*** Data records
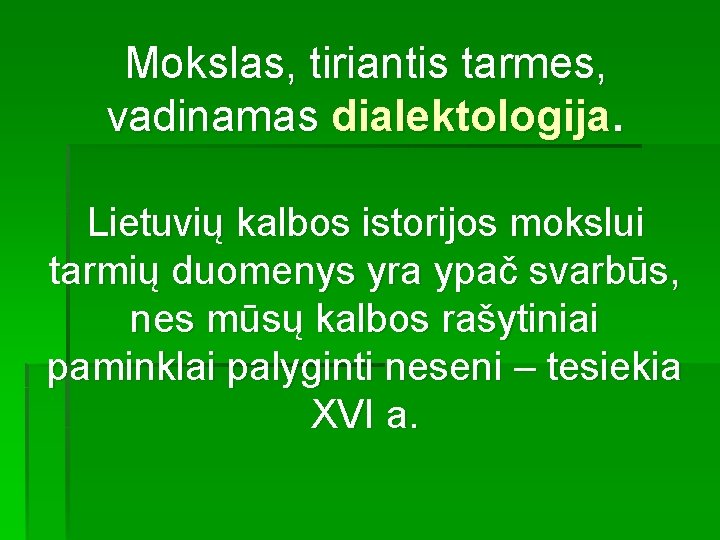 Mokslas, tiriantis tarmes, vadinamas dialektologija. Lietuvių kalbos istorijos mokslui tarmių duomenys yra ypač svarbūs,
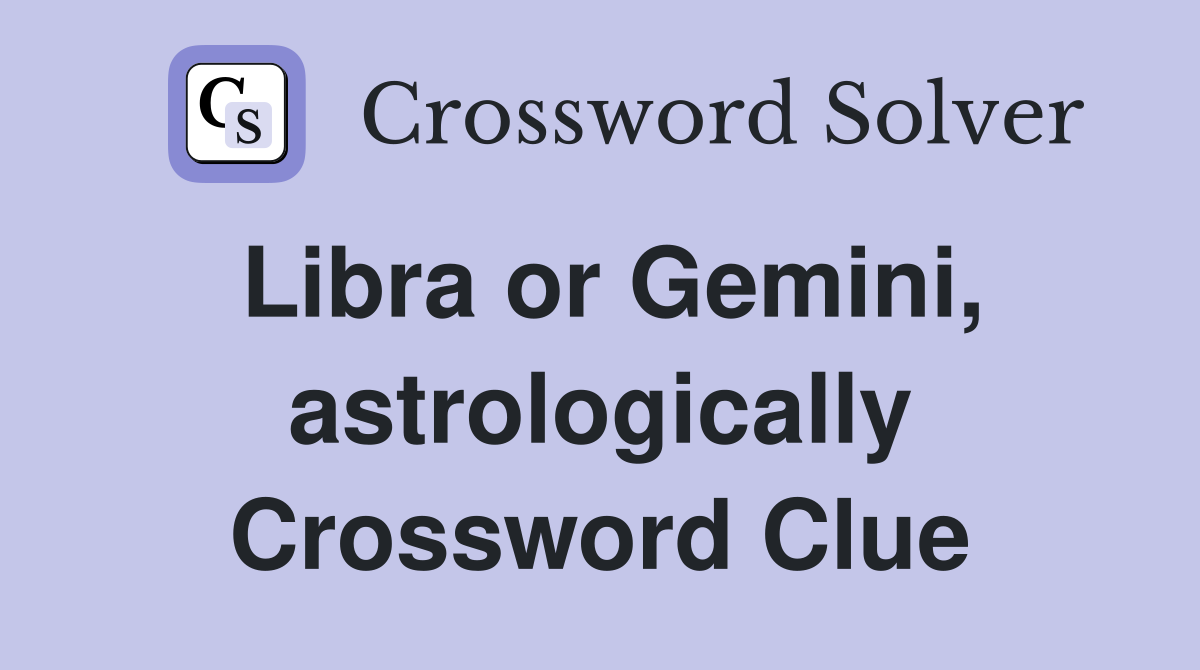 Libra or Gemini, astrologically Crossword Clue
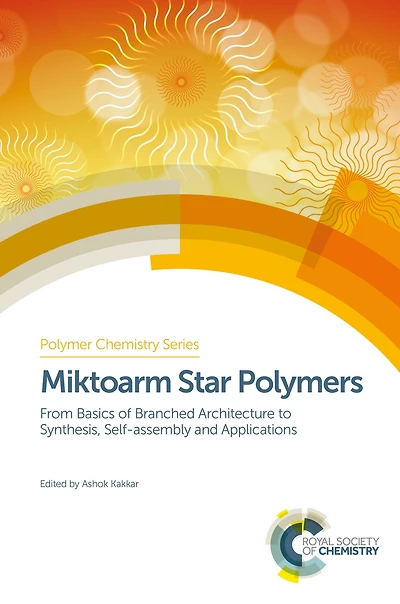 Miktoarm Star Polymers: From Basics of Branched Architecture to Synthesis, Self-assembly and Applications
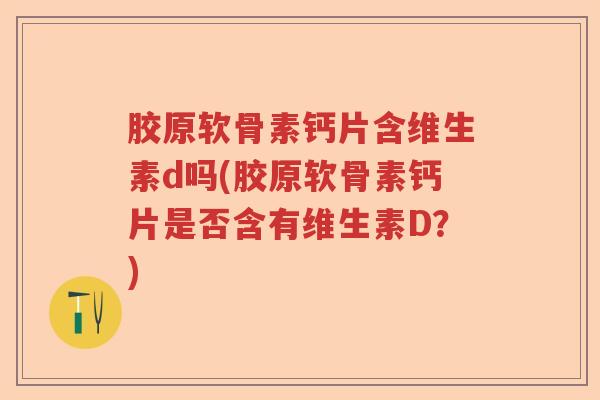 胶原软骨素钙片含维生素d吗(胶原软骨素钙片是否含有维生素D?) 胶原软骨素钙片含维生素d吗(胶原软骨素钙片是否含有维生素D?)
******
*** Data records
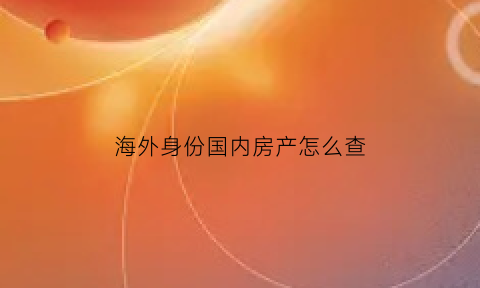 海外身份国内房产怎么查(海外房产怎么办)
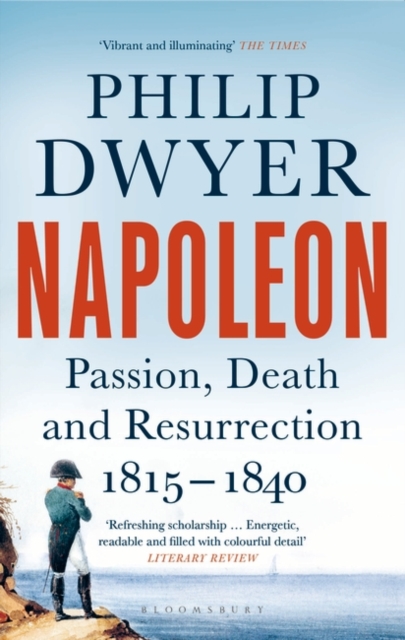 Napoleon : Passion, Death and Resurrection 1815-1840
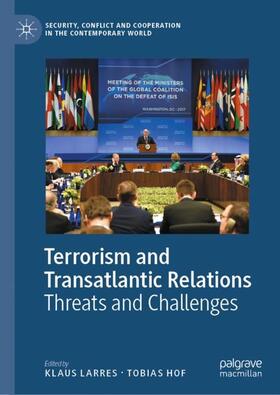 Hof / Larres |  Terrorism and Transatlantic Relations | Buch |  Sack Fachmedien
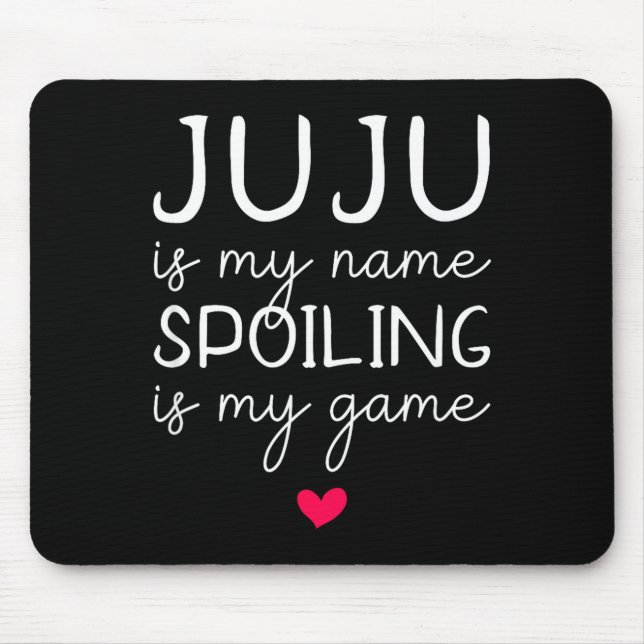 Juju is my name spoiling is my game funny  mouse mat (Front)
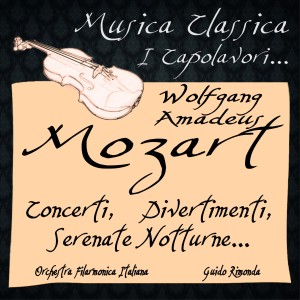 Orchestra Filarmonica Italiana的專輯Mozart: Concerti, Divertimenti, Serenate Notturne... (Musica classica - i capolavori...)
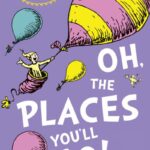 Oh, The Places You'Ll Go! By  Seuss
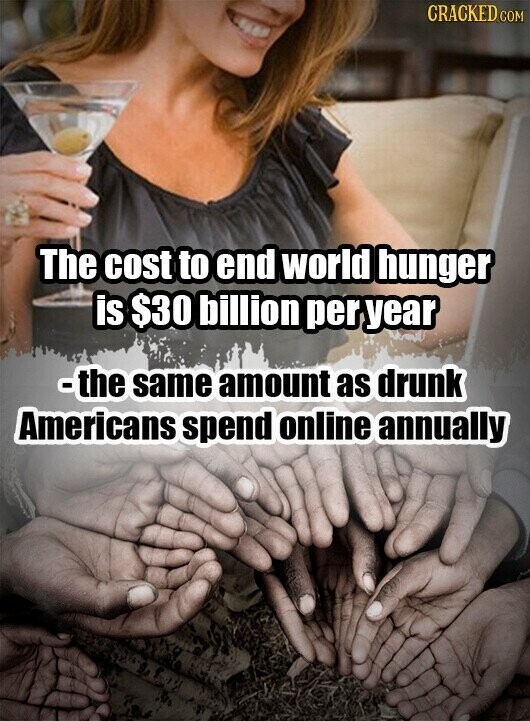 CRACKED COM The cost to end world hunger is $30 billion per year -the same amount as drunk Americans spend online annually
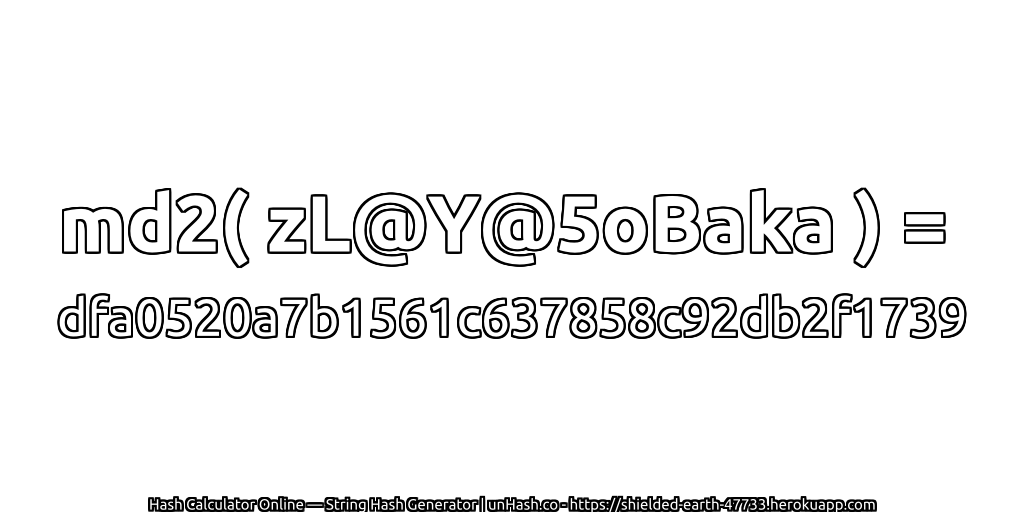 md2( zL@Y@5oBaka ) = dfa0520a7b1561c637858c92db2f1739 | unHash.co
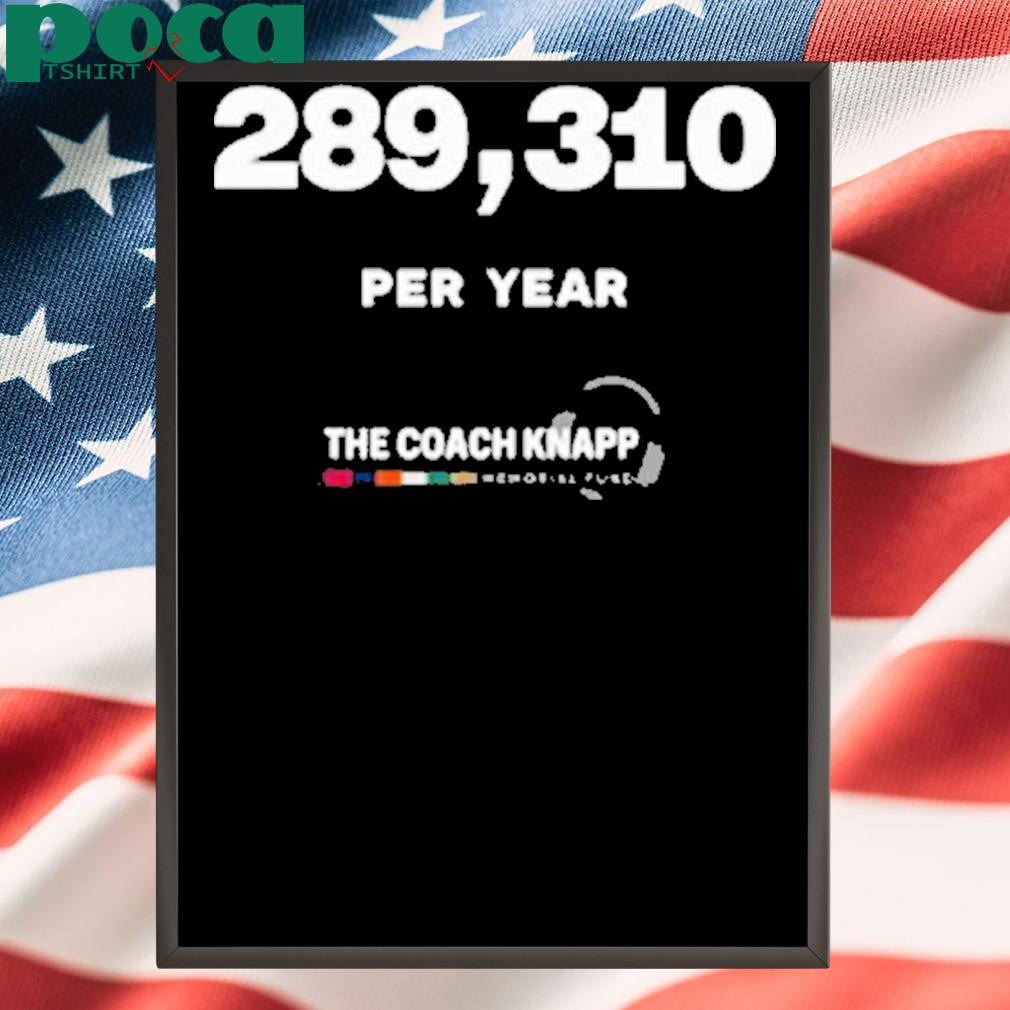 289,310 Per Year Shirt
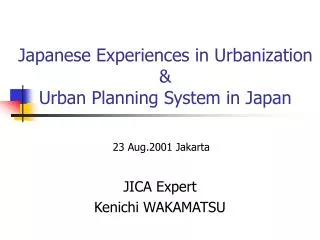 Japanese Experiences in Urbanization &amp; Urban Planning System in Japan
******
**Work required**
Both the line above containing "289,310 Per Year Shirt" and the line containing "Japanese Experiences in" belong in the copy, along with every line between them; print these exactly and omit the pictures.

**Response to this task**
 289,310 Per Year Shirt
 Japanese Experiences in Urbanization &amp; Urban Planning System in Japan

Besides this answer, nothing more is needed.